Segment Open

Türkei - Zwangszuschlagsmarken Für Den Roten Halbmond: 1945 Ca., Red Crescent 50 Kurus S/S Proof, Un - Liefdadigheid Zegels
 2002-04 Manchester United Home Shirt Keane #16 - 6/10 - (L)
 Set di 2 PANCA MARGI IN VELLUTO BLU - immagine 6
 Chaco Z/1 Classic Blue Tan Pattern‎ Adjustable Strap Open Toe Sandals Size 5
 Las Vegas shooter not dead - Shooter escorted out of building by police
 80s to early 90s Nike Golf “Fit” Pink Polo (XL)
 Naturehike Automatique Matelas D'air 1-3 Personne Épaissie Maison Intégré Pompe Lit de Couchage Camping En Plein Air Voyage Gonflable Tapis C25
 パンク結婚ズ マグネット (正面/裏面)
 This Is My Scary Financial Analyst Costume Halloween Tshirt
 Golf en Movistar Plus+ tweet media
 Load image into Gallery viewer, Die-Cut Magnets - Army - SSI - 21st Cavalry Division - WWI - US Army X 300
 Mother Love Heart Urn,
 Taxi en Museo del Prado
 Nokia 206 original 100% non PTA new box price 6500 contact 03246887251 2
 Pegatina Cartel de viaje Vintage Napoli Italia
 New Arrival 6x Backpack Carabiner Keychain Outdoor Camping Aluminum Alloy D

Segment Closed

*Assignment*: Your task is to transcribe exactly the lines from the one with "Mother Love Heart" through the end of the data, both included, and nothing besides.

*Task response*:
 Mother Love Heart Urn,
 Taxi en Museo del Prado
 Nokia 206 original 100% non PTA new box price 6500 contact 03246887251 2
 Pegatina Cartel de viaje Vintage Napoli Italia
 New Arrival 6x Backpack Carabiner Keychain Outdoor Camping Aluminum Alloy D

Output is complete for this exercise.